Wealthiest African Aliko Dangote Prepares Daughters in Succession Push
TLDR
- Aliko Dangote appoints daughters to key leadership roles at Dangote Group for $100 billion business expansion.
- Halima oversees the Family Office and international offices, Fatima leads Oil & Gas operations, and Mariya heads Cement & Foods.
- Dangote's strategic move focuses on succession planning, operational control, and expanding local refining capacity for Nigeria's fuel independence.
Aliko Dangote has appointed his three daughters to expanded leadership roles across Dangote Group as he pursues a plan to build the business into a $100 billion enterprise within 4 years.
Dangote, 68, stepped down last year as chairman of Dangote Cement Plc and appointed one of his daughters to its board. A staff memo confirmed that Halima, Fatima and Mariya Dangote will take on broader responsibilities across the conglomerate, which operates in 17 African countries.
Halima Dangote was named Group Executive Director overseeing the Dangote Family Office and international offices in Dubai and London. She will supervise governance and structure of the family office. She previously led the turnaround and sale of Dangote Flour Mills and serves on several boards.
Fatima Dangote was appointed Group Executive Director, Commercial Operations – Oil & Gas. She will oversee the Dangote Petroleum Refinery, fertiliser and upstream energy assets, in addition to corporate communications and procurement.
Mariya Dangote becomes Group Executive Director, Commercial Operations – Cement & Foods. She will lead commercial strategy across cement and food units.

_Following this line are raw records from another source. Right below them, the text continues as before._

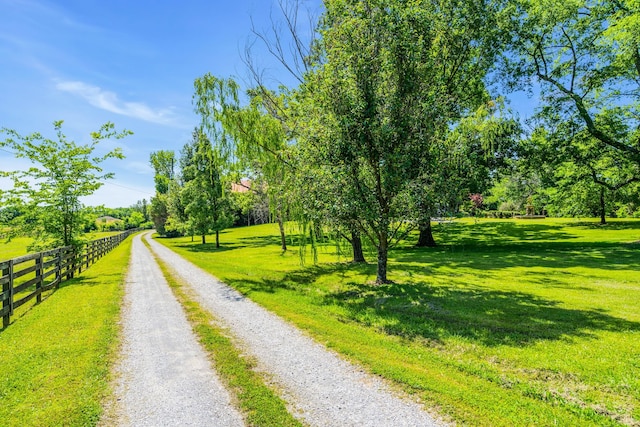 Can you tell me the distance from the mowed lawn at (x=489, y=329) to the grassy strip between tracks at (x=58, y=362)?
3.40m

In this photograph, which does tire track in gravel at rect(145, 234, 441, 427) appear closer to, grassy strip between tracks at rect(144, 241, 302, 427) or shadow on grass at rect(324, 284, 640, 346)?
grassy strip between tracks at rect(144, 241, 302, 427)

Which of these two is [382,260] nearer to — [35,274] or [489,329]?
Result: [489,329]

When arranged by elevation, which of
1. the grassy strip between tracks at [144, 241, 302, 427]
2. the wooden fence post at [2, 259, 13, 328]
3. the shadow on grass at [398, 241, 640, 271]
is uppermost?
the wooden fence post at [2, 259, 13, 328]

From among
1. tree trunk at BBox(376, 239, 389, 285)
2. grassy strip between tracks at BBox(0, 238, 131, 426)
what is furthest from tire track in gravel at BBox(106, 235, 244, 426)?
tree trunk at BBox(376, 239, 389, 285)

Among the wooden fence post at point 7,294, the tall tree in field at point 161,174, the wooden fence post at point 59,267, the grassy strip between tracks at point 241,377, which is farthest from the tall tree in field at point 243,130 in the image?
the tall tree in field at point 161,174

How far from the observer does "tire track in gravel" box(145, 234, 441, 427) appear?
3.54 m

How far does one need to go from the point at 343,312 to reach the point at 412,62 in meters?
6.63

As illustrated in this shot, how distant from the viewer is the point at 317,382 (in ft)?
14.3

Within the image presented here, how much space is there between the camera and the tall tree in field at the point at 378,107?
336 inches

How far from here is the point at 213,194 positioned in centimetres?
3272

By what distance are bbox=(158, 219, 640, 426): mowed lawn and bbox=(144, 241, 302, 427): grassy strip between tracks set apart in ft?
4.87

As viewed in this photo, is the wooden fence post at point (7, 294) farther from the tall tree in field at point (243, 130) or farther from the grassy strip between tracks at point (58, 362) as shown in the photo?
the tall tree in field at point (243, 130)

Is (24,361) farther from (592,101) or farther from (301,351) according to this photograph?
(592,101)

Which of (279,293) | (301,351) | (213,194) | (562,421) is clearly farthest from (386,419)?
(213,194) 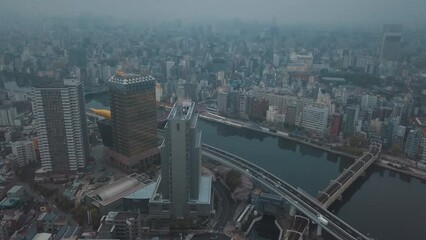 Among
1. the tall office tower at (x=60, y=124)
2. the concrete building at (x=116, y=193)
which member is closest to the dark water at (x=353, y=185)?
the concrete building at (x=116, y=193)

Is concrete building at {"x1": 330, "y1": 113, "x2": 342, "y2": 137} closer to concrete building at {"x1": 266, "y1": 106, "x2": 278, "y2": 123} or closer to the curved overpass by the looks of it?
concrete building at {"x1": 266, "y1": 106, "x2": 278, "y2": 123}

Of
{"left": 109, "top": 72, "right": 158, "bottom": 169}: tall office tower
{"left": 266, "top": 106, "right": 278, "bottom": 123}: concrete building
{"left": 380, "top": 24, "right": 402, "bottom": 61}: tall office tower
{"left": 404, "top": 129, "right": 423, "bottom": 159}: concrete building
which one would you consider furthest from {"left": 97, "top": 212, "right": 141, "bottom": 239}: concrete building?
{"left": 380, "top": 24, "right": 402, "bottom": 61}: tall office tower

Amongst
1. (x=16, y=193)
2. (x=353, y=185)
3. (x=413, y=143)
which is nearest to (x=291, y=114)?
(x=413, y=143)

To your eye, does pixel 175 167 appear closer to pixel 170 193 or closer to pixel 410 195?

Dangote is valued at $31.9 billion, according to the Bloomberg Billionaires Index. His refinery currently has capacity of 650,000 barrels per day and is expected to expand to 1.4 million barrels per day through a $400 million equipment deal.
Key Takeaways
The appointments signal formal succession planning at one of Africa’s largest private groups. Dangote built his fortune through capital-intensive investments in cement, sugar, fertiliser and oil refining. These sectors require scale, long-term financing and strong operational control. The refinery is central to the group’s next phase. Nigeria imports most of its refined fuel despite being a major oil producer. Increasing local refining capacity could reduce fuel imports and support foreign-exchange stability. By placing his daughters in executive roles across cement, food and energy, Dangote is consolidating control within the family while professionalizing oversight. The Vision 2030 target of $100 billion implies expansion beyond current assets, deeper regional integration and higher export capacity. Investors will monitor execution, especially in refining and petrochemicals, where margins depend on global oil spreads and domestic policy. The leadership transition suggests continuity rather than restructuring, positioning the group for scale rather than divestment.